By Tamar Fleishman | Palestine Chronicle | November 1, 2013
Qalandiya – Each time it seems like we have reached the bottom of the pit, but reality proves there to be an even deeper one.
Perhaps to those who do not stand in front of the ambulances, the stretchers and the back-to-back procedures the pictures seem the same. But they really aren’t. Each person is a story and on each stretcher is a tragedy. Only the occupation is the same, as well as the rifles, the regulations and the orders.

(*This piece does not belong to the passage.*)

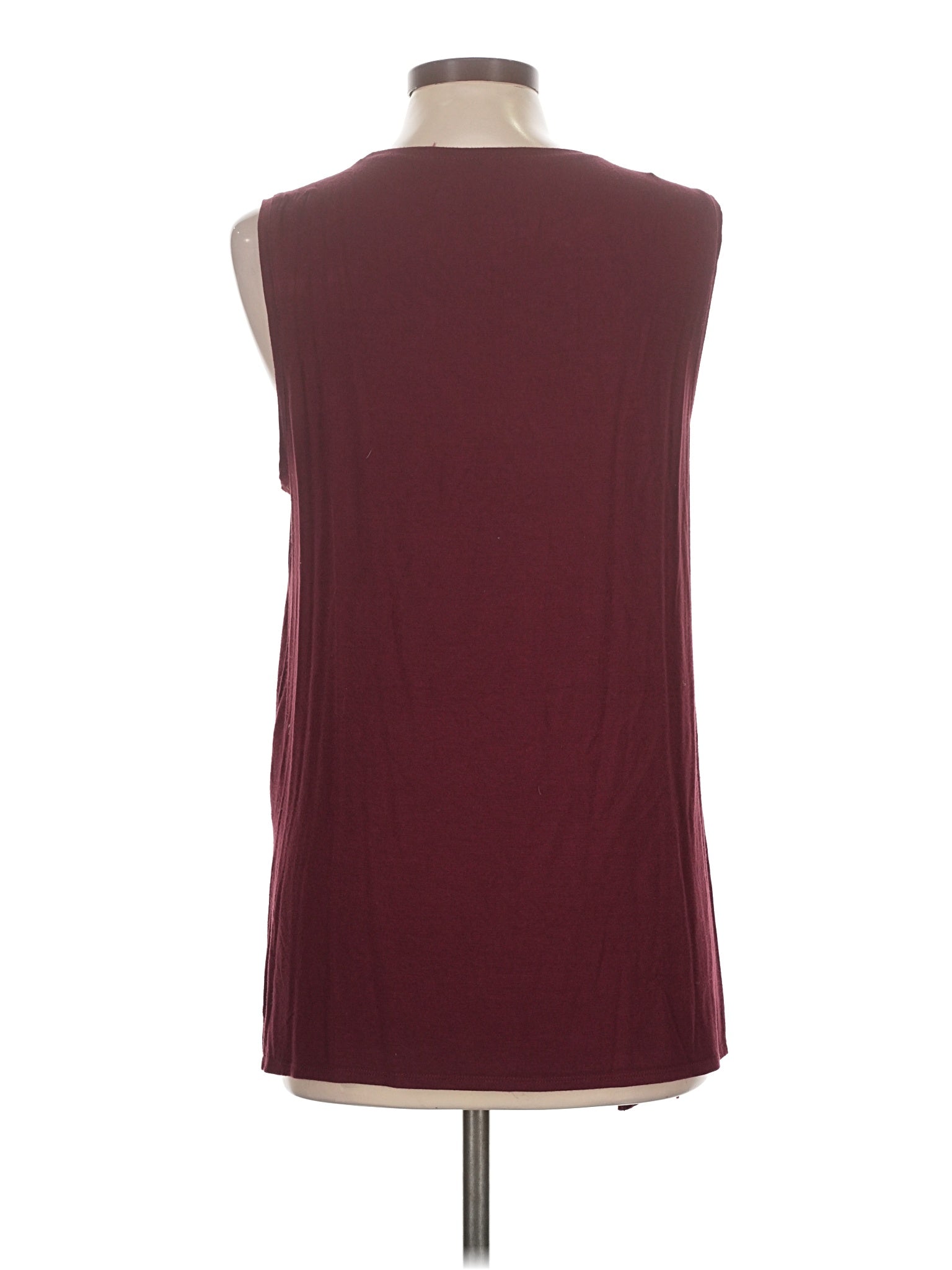 2 size - (Estimated)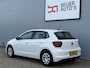 Volkswagen Polo 1.0 TSI Comfortline Business Automaat/Apple Carplay/Climate.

And because of the regulations a six year old child who had severely injured his head at 10 AM with a metal bar had arrived at Qalandiya checkpoint at only 3 PM, although his father immediately after the injury phoned a brain specialist in Amman who told him that the child must be on the operation table within the hour.
By the time the mechanism of the occupation had permitted the child and his mother (not his father) to pass through to a hospital in Jerusalem, five hours had past. Five hours is a time frame that hands out the verdict of life and death.
The child was hazy, his eyes were open but they weren’t focused; his hands rose without purpose and fell down as though on their own, and the father begged that they take him as well with the child to the hospital, so that he be with his child- but no, only the mother could go.
The man stood by the child who couldn’t really see him, and touched the child who couldn’t really feel, and talked to him, and the child didn’t really hear, and said to him: “it’s your father, my child, it’s your father…” and kept saying it again and again.
The man bent over and touched the child’s body and hands and the tip of his head that remained exposed, as though saying goodbye, and keeping it together until the ambulance drove off and only then did tears come bursting out of his eyes.
And from mine once I was on my own.
(Translated by Ruth Fleishman)
- As a member of Machsomwatch, once a week Tamar Fleishman heads out to document the checkpoints between Jerusalem and Ramallah.